The TrinityLake tree in general follows the storage layout of N-way search tree map. In this document, we describe the details of the tree's layout in storage.

Node File Format

Similar to a N-way search tree map, each node of the TrinityLake tree is a node file in storage. Each file fully describes tabular data using the Apache Arrow IPC format.

Node File Schema

The node file has the following schema:

ID Name Arrow Type Description Required? Default
1 key String Name of the key no
2 value String The value of the key no
3 pnode String Pointer to the path to the child node no
4 txn String Transaction ID for write buffer no

Node File Content

Each node file contains 3 sections from top to bottom:

They all share the same node file schema above, but use it in different ways.

System-Internal Rows

Only the key and value columns in the node file schema are meaningful to system internal rows, and they are required to be non-null.
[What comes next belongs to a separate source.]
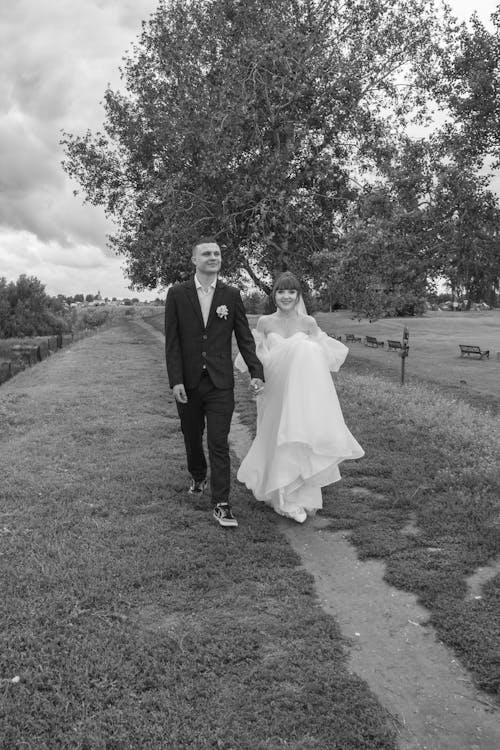 Foto profissional grátis de andando, fotografia de casamento, mãos dadas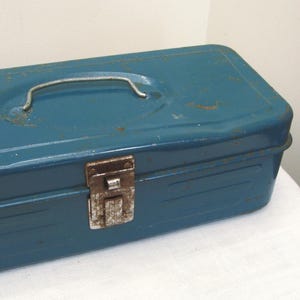 May include: A vintage teal metal toolbox with a curved handle and a rusty latch. The rectangular box shows signs of wear, with visible rust spots adding to its aged appearance. The toolbox is designed for storing tools and hardware.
These rows are used for recording system internal information such as node creation time, version, etc. See system-internal keys for more details.
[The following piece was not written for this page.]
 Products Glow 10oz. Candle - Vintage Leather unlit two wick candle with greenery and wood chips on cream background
There is no specific ordering expected for the system-internal rows, and there might be more system internal rows added over time. because the first row of the node key table must have NULL key and NULL value, readers of a node file are expected to treat all rows before this row as system internal rows.

Node Key Table

To read the node key table, the reader should skip all system internal rows, which means to skip all rows until it reaches the first row that has a NULL key and NULL value.

Then based on the rules of the node key table, There are exactly N rows for the node key table section of the node file.

Write Buffer

The B-epsilon tree-like write buffer of the TrinityLake tree starts after the system internal rows and the node key table rows.
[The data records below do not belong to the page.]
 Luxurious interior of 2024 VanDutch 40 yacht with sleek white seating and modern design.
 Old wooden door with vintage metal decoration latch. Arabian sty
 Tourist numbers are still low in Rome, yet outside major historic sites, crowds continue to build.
Each row in the write buffer represents a message to be applied to the TrinityLake tree. New messages are appended at the bottom of the write buffer. These rows have the following requirements:

  1. key must not be NULL
  2. transaction must not be NULL
  3. pnode must be NULL
  4. If value is NULL, it is a message to delete the key. If value is not NULL, it is a message to set the key to the specific value.

Note that different from a standard B-epsilon tree, when flushing write buffer against the TrinityLake tree during a write or compaction, the messages in the latest committed transaction will not be flushed, because it will be used for ensuring different level of isolation guarantee during Trinity Lakehouse commit phase. See Transaction and ACID Enforcement for more details.

Node File Size

Each node is targeted for the same specific size, which is configurable in the Lakehouse definition. Based on those configurations, users can roughly estimate the size of the node key table as:

N * (
  namespace_name_size_max_bytes + 
  table_name_size_max_bytes + 
  file_path_size_max_bytes +
  4 bytes for schema ID with padding 
)

and this value must be less than the node file size. This remaining size is used as the write buffer for each node.

For users that would like to fine-tune the performance characteristics of a TrinityLake tree, this formula can be used to readjust the node file size to achieve the desired epsilon value.